Cordaid donates ambulance to Torit Hospital on 01 November 2022. [Photo: Radio Tamazuj]

Torit county receives new ambulance from health partners

Cordaid South Sudan, an international NGO Tuesday donated a brand new ambulance to Torit County of South Sudan’s Eastern Equatoria state to facilitate referrals within the state.

Cordaid South Sudan, an international NGO Tuesday donated a brand new ambulance to Torit County of South Sudan’s Eastern Equatoria state to facilitate referrals within the state.

The donation was made possible with funding from the Health Pool Fund. Health officials say the county has not had an ambulance since 2016. 

Bure Juma Wani, the area coordinator for Cordaid in Torit said his organization will provide maintenance services including fuelling the ambulance. 

He appealed to the county authorities to ensure proper management of the ambulance so that the people in Torit and its environs will benefit from its services.

“We are serving our own lives and we are serving the lives of our community. This function is to hand over the ambulance to the county.
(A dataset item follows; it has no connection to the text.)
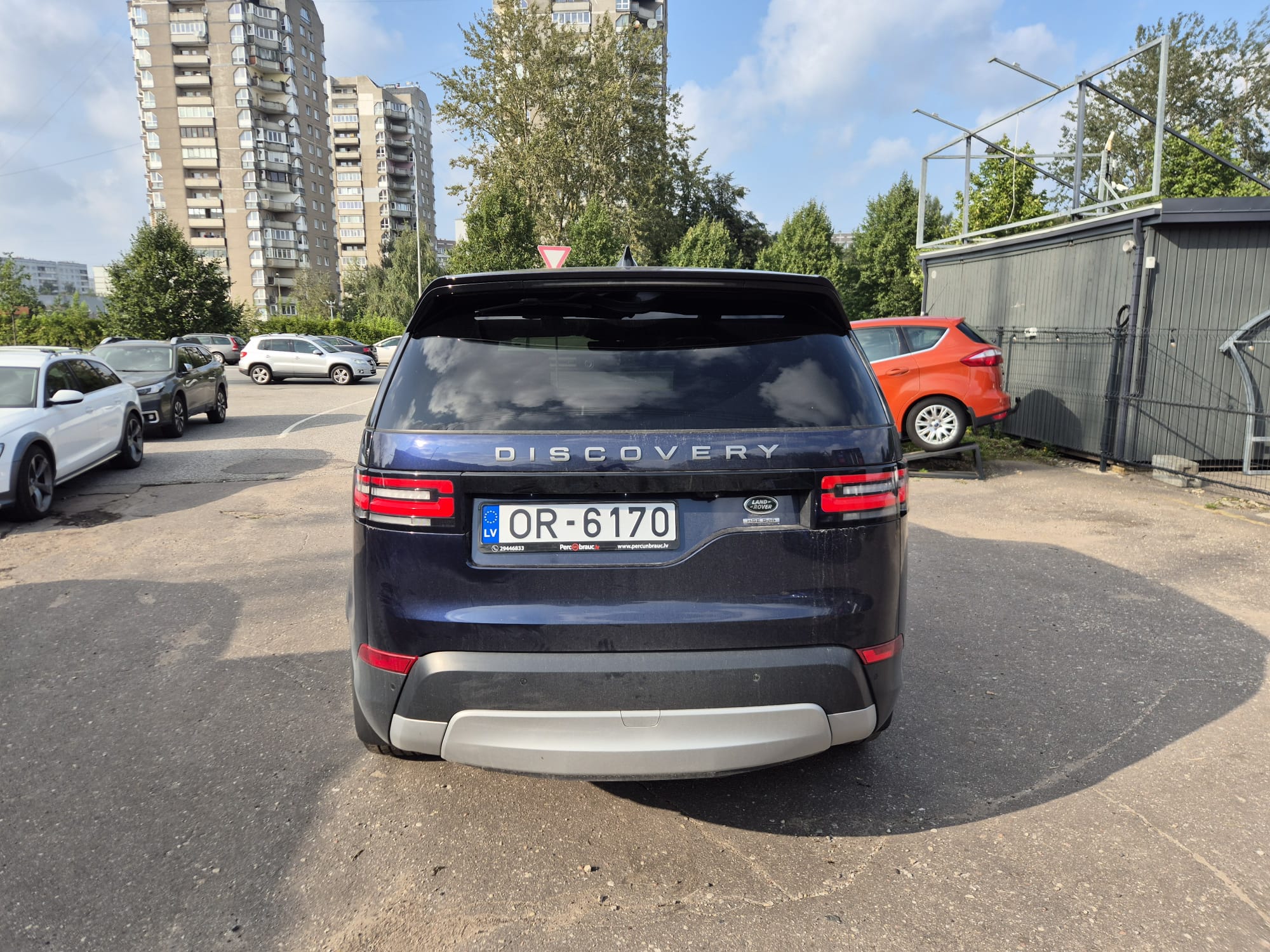 Car image 7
The ambulance is here to support the lives of our community to operate in the county,” Juma said. 

Ladu Reuben, the Health Pool Fund project support officer says the ambulance will help reduce maternal deaths. 

“We are fulfilling our mandate of the referral system in the county where we think that there must be a mechanism to refer our mothers. We are keen to see that our mothers should be brought to deliver in a facility where they will be accorded skilled delivery,” he said. “We are very happy today we are handing this ambulance to our community, we don’t want to hear that a mother died in the village because of referral.” 

He added, “Our referrals will be focusing on our pregnant mothers in the villages who are unable to come to the facility.”

Torit county commissioner Jacob Attari Albano said the ambulance will also serve communities out of Torit and called on the health ministry to allocate a separate body to carry dead bodies so that the ambulance carries the sick. 

Tobia Magesi Omal, who represented the state ministry of health also stressed that the ambulance should only be used to carry the sick. 

“This ambulance is going to carry the living and not the dead. We are working with the ministry of public utility so that they can get a vehicle that will be hired to carry coffins,” he said. “I know as politicians people will be calling our commissioner here but we should not carry the dead.”

Furthermore, Omal called on the ministry to ensure that the ambulance is properly taken care of so that it can serve longer.